It’s Complicated
I watched the president’s speeches at Mount Rushmore and on the South Lawn of the White House commemorating July 4th last weekend. They were not great speeches, if I’m honest, but they have lingered with me. In his inaugural address, the president spoke of “American carnage,” and the theme of a decaying America came through loud and clear. But I was more troubled by his open assertion that the decay is being advanced by his political opponents.
Now let’s be honest, warning that your political opponents are “ruining the country,” is as old as politics. But there’s something new and disturbing in the way this president talks about his political rivals: they don’t just disagree about policies and politics, they are un-American, intent on teaching “our children . . . to hate their own country, and to believe that the men and women who built it were not heroes, but . . . villains.”
I’ve had a hard time processing this because there are people who see in American history nothing but brutality and violence and racism. I’m working with a local historical society on a series of small group discussions about the current state of civics, and after our last discussion I told them I worried we were focused exclusively on what’s wrong with America. In my opinion, that’s a mistake because there is so much in our founding and in our history about which we should be proud.
The problem I had with President Trump’s speech wasn’t his desire to celebrate America’s heroes, but that he delivered such a sanitized version of American history.
Understanding our history as a nation and as a people means acknowledging all of our contradictions, our successes and our failures, as well as our sources of pride and our sources of shame. They are, often, two sides of the same coin. The ideals Thomas Jefferson articulated in the Declaration of Independence are universal and should be celebrated. But our application of them to the humanity on these shores has been uneven for centuries and remains so today. Jefferson asserted that all men—all people—are created equal. But the nation permitted slavery for its first 76 years and legalized discrimination for nearly a century more. Jefferson and Washington, among many others, were slave owners. They owned other human beings. Women didn’t have the right to vote until 1920. Native Americans have seen their lands possessed, their rights curtailed, and their heritage appropriated.
The president’s approach to U.S. history under-estimates the capacity of the American people to know the truth and love this country with a deep conviction borne not of ignorance or wishful thinking, but of a deep appreciation for the ideals of our founding and the sacrifice of flawed men and women over centuries who fought to make those ideals real.
At Mount Rushmore, President Trump criticized “cancel culture”—the idea that we are going to remove from public life anyone whose history or utterances offend present sensibilities. I took note of that not because the president described it as the “very definition of totalitarianism,” (which it is not) but because another American president spoke of it recently, too. Last October, former President Barack Obama warned young people to “get over” cancel culture. “The world is messy;” he said, ”there are ambiguities. People who do really good stuff have flaws. People who you are fighting may love their kids, and share certain things with you.”

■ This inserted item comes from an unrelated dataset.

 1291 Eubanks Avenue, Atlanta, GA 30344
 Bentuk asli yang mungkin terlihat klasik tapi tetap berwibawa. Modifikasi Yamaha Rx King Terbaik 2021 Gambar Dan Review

On July 5, 1852, Frederick Douglas delivered his iconic Independence Day oration “What, to the American slave, is your 4th of July?” It is one of the most important speeches in American history. In it, Douglas, a former slave from Baltimore, Maryland, captured the central contradictions inherent in the American experience. He celebrated the founders and heralded their “saving principles,” but also described the brutality and inhumanity of American slavery.
Knowing that history, acknowledging those tensions isn’t a “left-wing cultural revolution . . . designed to overthrow the American Revolution,” as President Trump described it. It’s a full-throated celebration of America in all of her complexity.
I love my country, not because I don’t know her faults, but because I know her ideals and I know the courage of patriots to help her live up to them.